The big picture: It was almost exactly one year ago when Google was hit with a record $2.7 billion fine by the EU commission after its shopping comparison service was found to breach antitrust rules. Now, the company faces another record fine from European regulators in a second antitrust case, this one involving Android, and it could arrive as soon as next month.

In April 2016, the EU Commission charged Google with abusing its position as owner of the dominant Android operating system. It’s claimed Google demanded handset makers pre-install Chrome and other search products in return for access to Google apps and the app store. It’s also accused of barring manufacturers from using forked versions of Android and paying smartphone makers and mobile network operators to pre-install only Google search on their devices.

E.U.’s antitrust czar, Margrethe Vestager, is “poised to announce the negative finding within weeks,” and could hit Google with an even larger fine than the one handed down last year. The Financial Times reports that the commission could demand Google pay up to 10 percent of parent company Alphabet’s total turnover—around $11 billion—but these penalties are usually at the lower end of the scale.
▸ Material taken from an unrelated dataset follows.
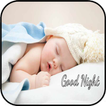 Good Night Images HD !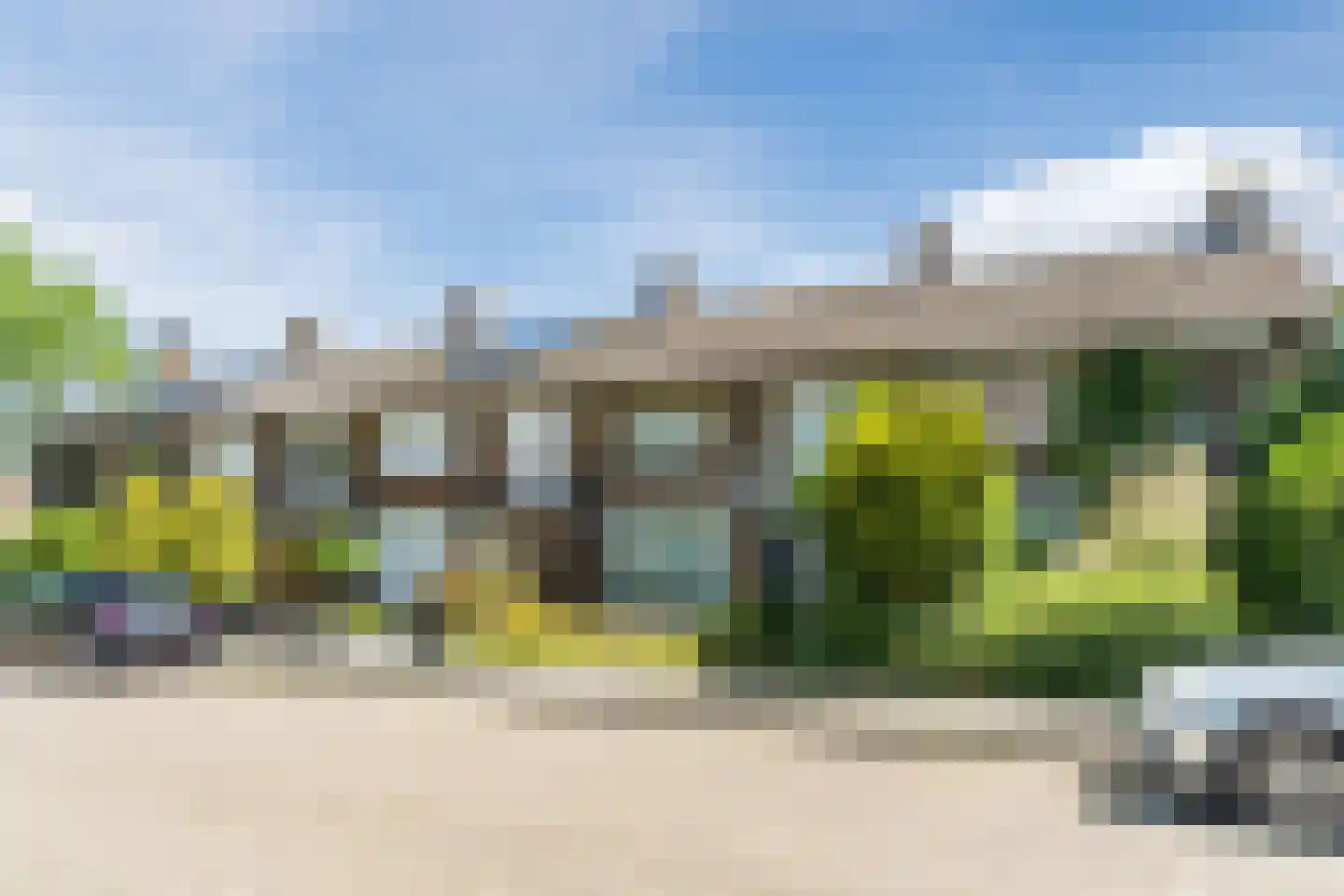 Vondelstraat 25 Waalwijk thumbnail 42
Google has its hands full with the EU commission right now. It is still appealing the charges that it favored its shopping comparison service over those of its competitors and is contesting the fine. The EU has also accused the company of abusing its position to block rivals in online search advertising. “We are advancing on our two cases involving Google, both the Android case and the AdSense case,” Vestager told EU lawmakers back in April.